17024

Speckle Reduction with Trained Nonlinear Diffusion Filtering

Wensen Feng, Yunjin Chen
School of Automation and Electrical Engineering, University of Science and Technology Beijing, Beijing, 100083, China
arXiv:1702.07482 [cs.CV], (24 Feb 2017)

@article{feng2017speckle,

   title={Speckle Reduction with Trained Nonlinear Diffusion Filtering},

   author={Feng, Wensen and Chen, Yunjin},

   year={2017},

   month={feb},

   archivePrefix={"arXiv"},

   primaryClass={cs.CV},

   doi={10.1007/s10851-016-0697-x}

}

Speckle reduction is a prerequisite for many image processing tasks in synthetic aperture radar (SAR) images, as well as all coherent images. In recent years, predominant state-of-the-art approaches for despeckling are usually based on nonlocal methods which mainly concentrate on achieving utmost image restoration quality, with relatively low computational efficiency.

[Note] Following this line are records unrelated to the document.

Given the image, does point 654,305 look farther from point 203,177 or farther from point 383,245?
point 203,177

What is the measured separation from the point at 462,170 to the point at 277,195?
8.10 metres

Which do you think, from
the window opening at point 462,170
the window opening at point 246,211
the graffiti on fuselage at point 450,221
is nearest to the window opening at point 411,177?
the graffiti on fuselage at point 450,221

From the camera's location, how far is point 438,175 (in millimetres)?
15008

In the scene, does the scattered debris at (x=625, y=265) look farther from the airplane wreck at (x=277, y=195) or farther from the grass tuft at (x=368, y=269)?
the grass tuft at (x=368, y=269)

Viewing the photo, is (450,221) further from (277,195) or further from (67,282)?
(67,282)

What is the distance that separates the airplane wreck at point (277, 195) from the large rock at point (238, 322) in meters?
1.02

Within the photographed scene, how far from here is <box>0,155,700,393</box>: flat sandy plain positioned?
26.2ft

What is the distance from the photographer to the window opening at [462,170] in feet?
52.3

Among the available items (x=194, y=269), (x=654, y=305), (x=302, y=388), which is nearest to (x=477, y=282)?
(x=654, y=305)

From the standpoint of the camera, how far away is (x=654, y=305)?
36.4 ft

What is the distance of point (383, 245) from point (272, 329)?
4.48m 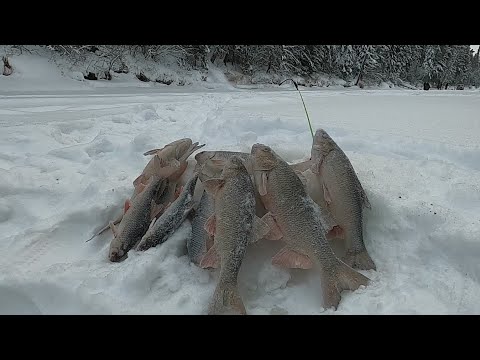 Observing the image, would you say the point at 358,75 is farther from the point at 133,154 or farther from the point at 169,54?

Therefore, in this study we aim to propose an efficient despeckling model with both high computational efficiency and high recovery quality. To this end, we exploit a newly-developed trainable nonlinear reaction diffusion(TNRD) framework which has proven a simple and effective model for various image restoration problems. In the original TNRD applications, the diffusion network is usually derived based on the direct gradient descent scheme. However, this approach will encounter some problem for the task of multiplicative noise reduction exploited in this study. To solve this problem, we employed a new architecture derived from the proximal gradient descent method. Taking into account the speckle noise statistics, the diffusion process for the despeckling task is derived. We then retrain all the model parameters in the presence of speckle noise. Finally, optimized nonlinear diffusion filtering models are obtained, which are specialized for despeckling with various noise levels. Experimental results substantiate that the trained filtering models provide comparable or even better results than state-of-the-art nonlocal approaches. Meanwhile, our proposed model merely contains convolution of linear filters with an image, which offers high level parallelism on GPUs. As a consequence, for images of size 512 * 512, our GPU implementation takes less than 0.1 seconds to produce state-of-the-art despeckling performance.